DLR-RM / stable-baselines3

PyTorch version of Stable Baselines, reliable implementations of reinforcement learning algorithms.
https://stable-baselines3.readthedocs.io
MIT License
8.35k stars 1.6k forks source link

[Question] Running Multi-threaded PPO training independently with no interference #1931

Open n-kish opened 1 month ago

n-kish commented 1 month ago

❓ Question

I am trying to parallelise execution of PPO training on MuJoCo environments, where each multiprocessing thread uses a slightly modified xml file to train PPO with. For this, I currently use:

import multiprocessing

num_processes = min(200, multiprocessing.cpu_count())
with multiprocessing.Pool(processes=num_processes) as pool:
        eprewmeans = pool.map(simulate_robot, xml_robots)

Here the simulate_robot function fires up the same python file with args as an xml_robot from xml_robots. This python file (train_ppo.py) looks like this currently:

import os
import argparse
import json
import gymnasium as gym
from stable_baselines3 import PPO
from stable_baselines3.common.env_util import make_vec_env
from stable_baselines3.common.evaluation import evaluate_policy
from stable_baselines3.common.logger import configure

def main():

    parser = argparse.ArgumentParser(formatter_class=argparse.ArgumentDefaultsHelpFormatter)
    parser.add_argument('--env_id', help='environment ID', default=None)
    parser.add_argument('--total_timesteps', help='maximum step size', type=int)
    parser.add_argument('--network', help='path for data')
    parser.add_argument('--xml_file_path', help='path for xml')
    parser.add_argument('--perf_log_path', help='path for xml')
    parser.add_argument('--ctrl_cost_weight', help='ctrl cost weight for gym env')
    args = parser.parse_args()

    # Logger Initialisation
    config_name = args.perf_log_path
    tmp_path = config_name
    new_logger = configure(tmp_path, ["stdout", "csv", "tensorboard"])

    # Create Mujoco environment
    env = gym.make(args.env_id, xml_file=args.xml_file_path)

    # Instantiate the model
    model = PPO("MlpPolicy", env, verbose=1)
    model.set_logger(new_logger)

   # Train the model
   model.learn(total_timesteps=int(args.total_timesteps))

    # Evaluate the policy
    mean_reward, std_reward = evaluate_policy(model, env, n_eval_episodes=10)

if __name__ == '__main__':
    main()

When I ran this code, I found that when I have more than one process, the optimizer call in stable-baselines/ppo/ppo.py takes longer and longer as the number of processes increases. I have ensured there is no cross-play in any other parts of the code, except for some interesting time delays in the code block below.

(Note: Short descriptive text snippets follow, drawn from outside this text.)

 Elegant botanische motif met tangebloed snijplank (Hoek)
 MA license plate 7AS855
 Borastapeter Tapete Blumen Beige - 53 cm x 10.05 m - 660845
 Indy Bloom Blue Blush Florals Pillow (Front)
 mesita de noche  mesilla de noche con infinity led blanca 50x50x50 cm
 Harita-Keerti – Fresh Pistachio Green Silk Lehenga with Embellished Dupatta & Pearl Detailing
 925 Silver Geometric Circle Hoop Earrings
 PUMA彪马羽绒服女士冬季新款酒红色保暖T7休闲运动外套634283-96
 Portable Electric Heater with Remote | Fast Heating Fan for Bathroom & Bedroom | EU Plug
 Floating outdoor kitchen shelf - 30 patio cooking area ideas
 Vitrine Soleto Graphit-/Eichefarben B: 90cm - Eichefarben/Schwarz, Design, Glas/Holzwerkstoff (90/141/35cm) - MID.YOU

stable-baselines3/stable_baselines3/ppo/ppo.py Lines 278 to 282

self.policy.optimizer.zero_grad()
loss.backward()
# Clip grad norm
th.nn.utils.clip_grad_norm_(self.policy.parameters(), self.max_grad_norm)
self.policy.optimizer.step()

Can you please help me understand what I might be dealing with here and a possible solution or alternate path to achieve the desired multiprocessing capability with SB3 ?

Checklist

araffin commented 1 month ago

Hello, if you want to parallelize gradient steps, you need to have a look at https://github.com/Stable-Baselines-Team/stable-baselines3-contrib/issues/11 and linked issues. if you want to parallelize data collection, you need to use VecEnv.

I'm also not sure why you have some TF code in there...

n-kish commented 1 month ago

Hi @araffin, thanks for your response.

I may have not been quite clear about what I wanted to achieve.

I am parallelizing external to the model instance and not within it. That is, with each different XML file, I run a train_ppo.py instance per thread. Depending on the XML file count, the number of parallel processes increases, and thus gym envs. are created and PPO models are trained in parallel. It is here I face the problem.

I notice that the gradient steps are somehow taking longer and longer to process with the increase in the thread count (i.e. increase in independent gym env count), which normally shouldn't be the case because each thread must be treated independently and I should have models trained independently. (Please notice the time_elapsed in seconds for just 4000 env. steps in the attached screenshot)

Screenshot from 2024-05-23 13-25-58

Hence your suggestions about parallel gradient steps and data collection through Stable-Baselines-Team/stable-baselines3-contrib/issues/11 and VecEnv, though useful, aren't addressing my problem, because I still have num_cpu=1 even in VecEnv.

Hope this clarifies things further. Please let me know how I may go about this problem, thanks.

And yes, the TF code is a blunder please ignore it.

n-kish commented 1 month ago

For anyone that maybe interested in this later. The problem I faced is due to the global autograd engine of Torch (as discussed here: Assumptions around Autograd and Python multi-threading.)

I solved this by calling each different run_ppo.py file as a separate bash process instead of relying on the mulitprocessing module.